TAOCP 3.4.2 Exercise 4

Let $p(m,t)$ denote the probability that exactly $m$ items have been selected from the first $t$ items processed by Algorithm S.

Section 3.4.2: Random Sampling and Shuffling

Exercise 4. [M23] Let $p(m, t)$ be the probability that exactly $m$ items are selected from among the first $t$ in the selection sampling technique. Show directly from Algorithm S that

$$p(m,t) = \binom{t}{m}\binom{N-t}{n-m} \Big/ \binom{N}{n}, \qquad \text{for } 0 \le t \le N.$$

Verified: yes
Solve time: 4m33s


Solution

Let $p(m,t)$ denote the probability that exactly $m$ items have been selected from the first $t$ items processed by Algorithm S.

We shall prove by induction on $t$ that

$$ p(m,t)=\frac{\binom{t}{m}\binom{N-t}{,n-m,}}{\binom{N}{n}}, \qquad 0\le t\le N. $$

Basis

When $t=0$, no items have been examined. Hence

$$ p(0,0)=1,\qquad p(m,0)=0 \ \ (m>0). $$

The proposed formula gives

$$ \frac{\binom00\binom Nn}{\binom Nn}=1 $$

for $m=0$, and

$$ \frac{\binom0m\binom N{n-m}}{\binom Nn}=0 $$

for $m>0$. Thus the formula is correct when $t=0$.

Inductive step

Assume the formula holds for a fixed $t$, and consider item $t+1$.

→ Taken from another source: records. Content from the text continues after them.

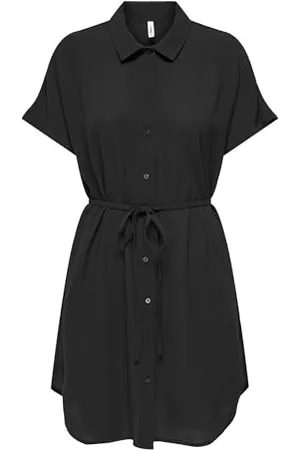 ONLY Onlnova Life Vis Ayla Shirt Dress Solid, , XS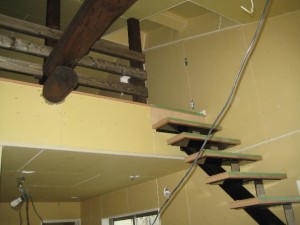 無塗装サイディング貼・木部塗装・パテ処理・京都市西京区リフォーム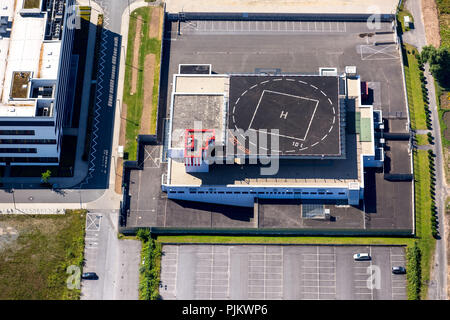 Bureau d'enquête criminelle du-Nord-Westphalie avec héliport, Düsseldorf, Rhénanie du Nord-Westphalie, Allemagne, Banque D'Images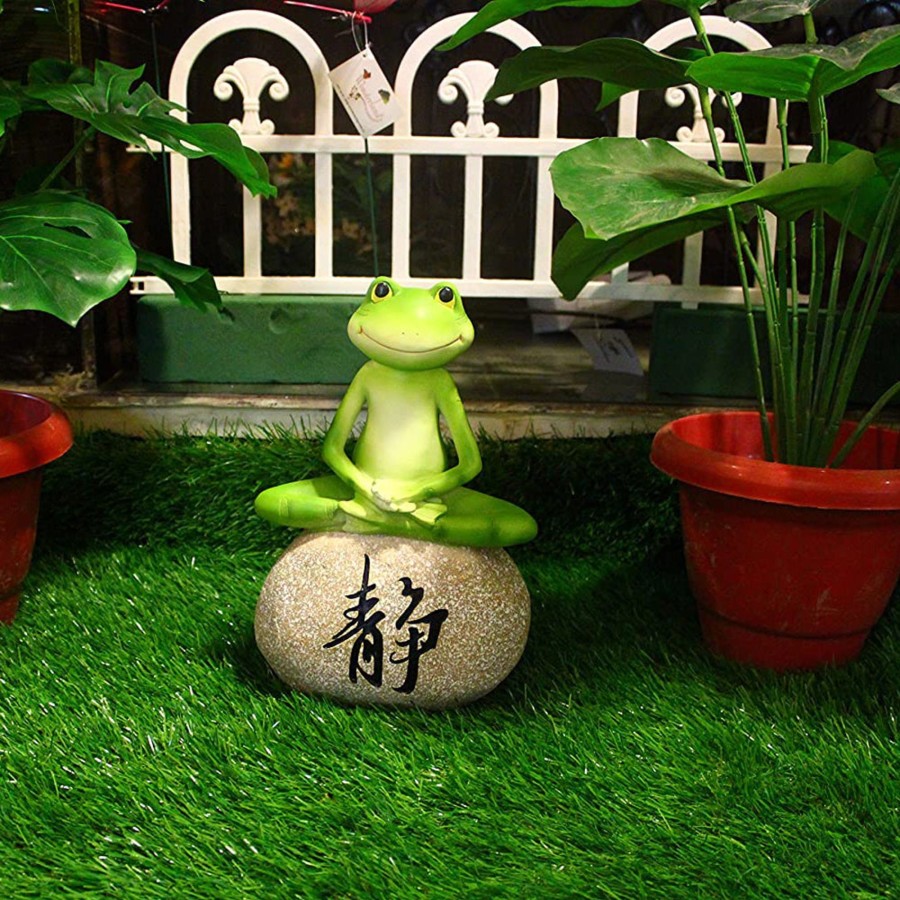 Garden Decor Wonderland Garden Statues | Frog Statue For Balcony And Garden Decoration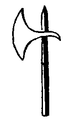 (dán)Alabárd (en: Danish hatchet)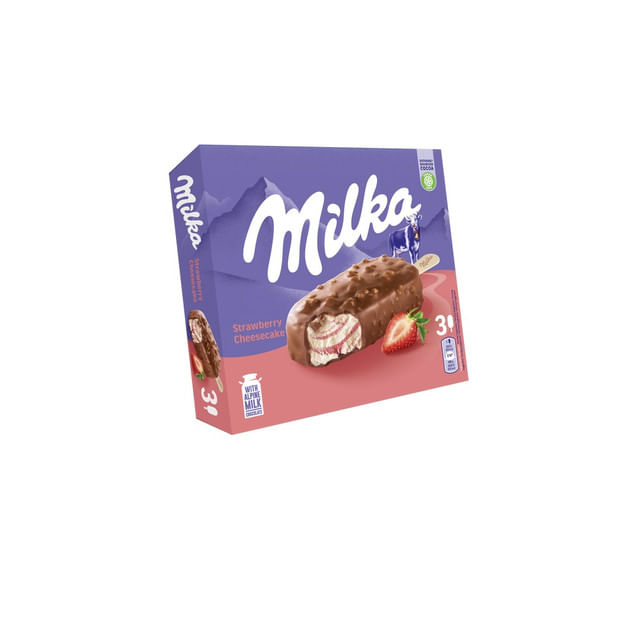 pachet-inghetata-pe-bat-milka-cu-aroma-de-cheesecake-si-capsuni-4-x-100-ml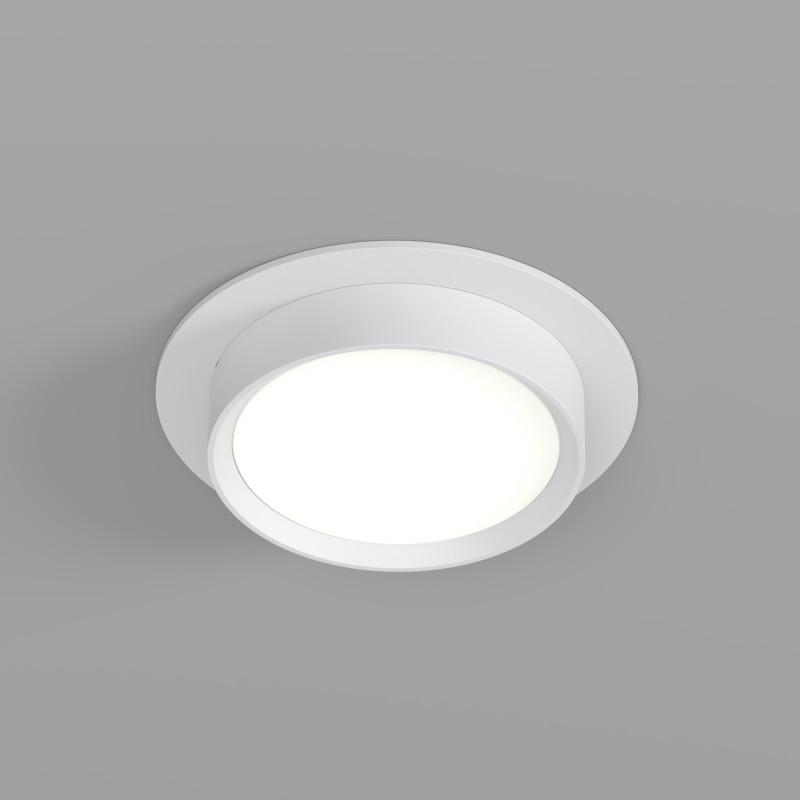 Светильник FLAT 15Вт GX53 IP20 LED встраив. алюм. бел. DENKIRS 772618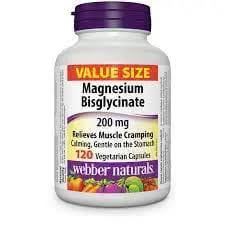 Vitamins & Supplements, MAGNESIUM BISGLY PURE 200MG CAPS 120S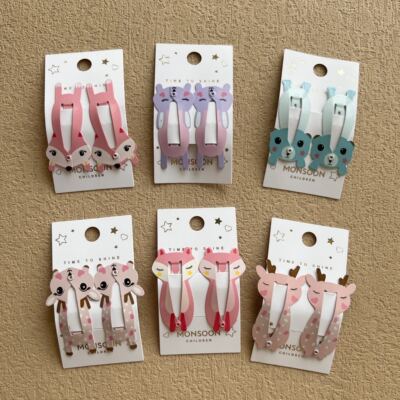 英国Monsoon Children发夹春夏BB夹兔子麋鹿狐狸小熊兔兔儿童发夹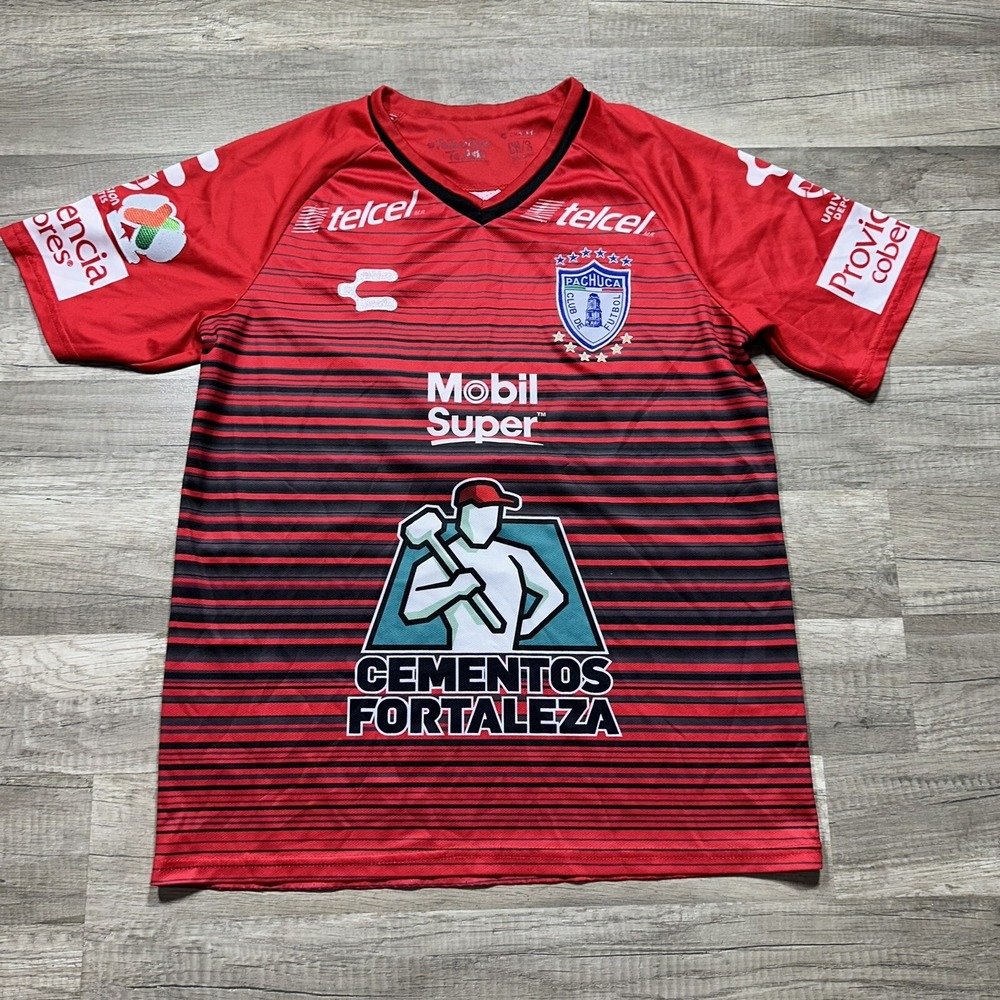 Pachuca FC Authentic CHARLY Jersey Size Small 2018-2019 Red #4‎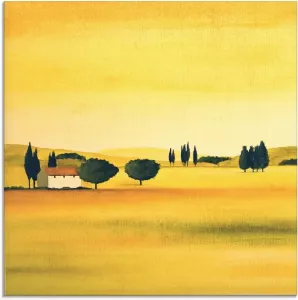 Artland Print op glas Zonnige dag I (1 stuk)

To have exactly $m$ selected items among the first $t+1$ items, one of two mutually exclusive events must occur.

  1. Exactly $m$ items were selected among the first $t$, and item $t+1$ is not selected.
  2. Exactly $m-1$ items were selected among the first $t$, and item $t+1$ is selected.

If $m$ items have already been selected among the first $t$, Algorithm S selects the next item with probability

$$ \frac{n-m}{N-t}. $$

Hence the probability that item $t+1$ is not selected is

$$ 1-\frac{n-m}{N-t} = \frac{N-t-n+m}{N-t}. $$

Similarly, if $m-1$ items have already been selected, the probability that item $t+1$ is selected is

$$ \frac{n-(m-1)}{N-t} = \frac{n-m+1}{N-t}. $$

Therefore

$$ p(m,t+1) = p(m,t)\frac{N-t-n+m}{N-t} + p(m-1,t)\frac{n-m+1}{N-t}. $$

Substituting the induction hypothesis,

$$ \begin{aligned} p(m,t+1) &= \frac1{\binom Nn} \Biggl[ \binom tm\binom{N-t}{n-m} \frac{N-t-n+m}{N-t} \ &\qquad\qquad + \binom t{m-1}\binom{N-t}{n-m+1} \frac{n-m+1}{N-t} \Biggr]. \end{aligned} $$

We now simplify the two terms.

For the first term, let $a=N-t$ and $b=n-m$. Then

$$ \binom ab\frac{a-b}{a} = \frac{a!}{b!(a-b)!}\frac{a-b}{a} = \frac{(a-1)!}{b!(a-b-1)!} = \binom{a-1}{b}. $$

Hence

$$ \binom{N-t}{n-m} \frac{N-t-n+m}{N-t} = \binom{N-t-1}{n-m}. $$

For the second term, using

$$ \binom ab\frac{b}{a} = \frac{a!}{b!(a-b)!}\frac{b}{a} = \frac{(a-1)!}{(b-1)!(a-b)!} = \binom{a-1}{b-1}, $$

with $a=N-t$ and $b=n-m+1$, we obtain

$$ \binom{N-t}{n-m+1} \frac{n-m+1}{N-t} = \binom{N-t-1}{n-m}. $$

Therefore

$$ \begin{aligned} p(m,t+1) &= \frac1{\binom Nn} \Bigl[ \binom tm\binom{N-t-1}{n-m} + \binom t{m-1}\binom{N-t-1}{n-m} \Bigr] \ &= \frac{\binom{N-t-1}{n-m}}{\binom Nn} \Bigl[ \binom tm+\binom t{m-1} \Bigr]. \end{aligned} $$

Using Pascal's identity,

$$ \binom tm+\binom t{m-1} = \binom{t+1}{m}, $$

we get

$$ p(m,t+1) = \frac{\binom{t+1}{m}\binom{N-t-1}{n-m}} {\binom Nn}. $$

Since $N-(t+1)=N-t-1$, this is exactly

$$ p(m,t+1) = \frac{\binom{t+1}{m}\binom{N-(t+1)}{,n-m,}} {\binom Nn}. $$

Thus the formula holds for $t+1$.

By induction,

$$ \boxed{ p(m,t) = \frac{\binom{t}{m}\binom{N-t}{,n-m,}} {\binom{N}{n}} } $$

for all $0\le t\le N$. ∎